Written By Dylan Manfre and Evan Kamikow
Chelsey Goldberg was denied twice when she tried joining the Maccabi USA men’s hockey team in 2013 and 2017. It was not that she didn’t make the team, she was not allowed to even try out.
“It lit a fire under my a** to get a women’s team over to the Maccabiah,” Goldberg said.
Goldberg made compiling names of Jewish women’s hockey players her mission, and it was no easy task. She acknowledged the number of women’s hockey players was small. Add in a religious filter to that group, and it diminished the pool of players even more.
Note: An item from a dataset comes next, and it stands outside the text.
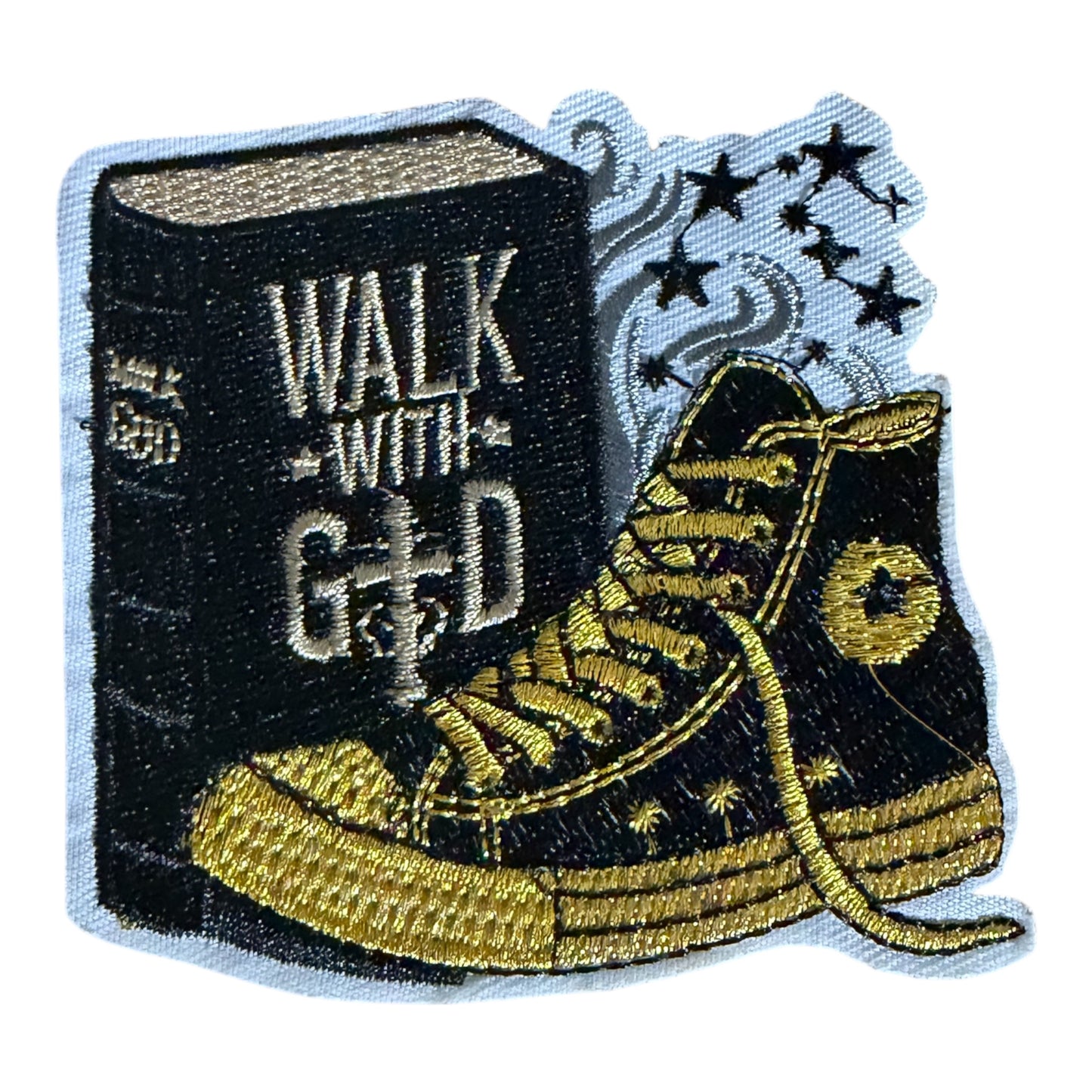 Walk With God Sneaker Embroidered Patch Gold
“I’ve always pretty much been the only Jew on my team, any one of my teams,” Goldberg said. “But there’s always, maybe, been a couple of other players that I’ve played with or against that I know are Jewish. And so I’ve added whoever I could think of off the top of my head to the list.”
Goldberg, 29, from Southern California, was responsible for the United States roster but needed to do it for two other countries as well. It’s not like the US can play itself. Three delegations is the minimum number of countries needed to form a division in the Maccabiah, the world’s second-largest sporting event.
The list she is referring to was created eight years ago and has grown exponentially as the 21st Maccabiah nears. She scoured the internet before Maccabi USA even named a head coach.
Goldberg was running her own start-up and needed a business plan to present to Maccabi World Union. She found names through social media, word-of-mouth and direct messages to people garnering interest and over time built a Rolodex of interested players. But she couldn’t do it all by herself. Goldberg got help from Devra Shorr Pulley, the co-chair of Maccabi USA hockey.
“We’ve been tag-teaming this whole project, and she’s obviously on the administrative side, so I can ask her any questions that came to my mind,” Goldberg said. “After eight years we finally got enough interest to field three teams.”
The US will be joined by Canada and Israel in the 21st Maccabiah. Once that benchmark was achieved, “all the stars just started to align.”
A Rough Patch of Ice
Goldberg was busy marketing her own skills during her collegiate career more than 10 years ago, all before she cultivated the Maccabi women’s hockey enterprise.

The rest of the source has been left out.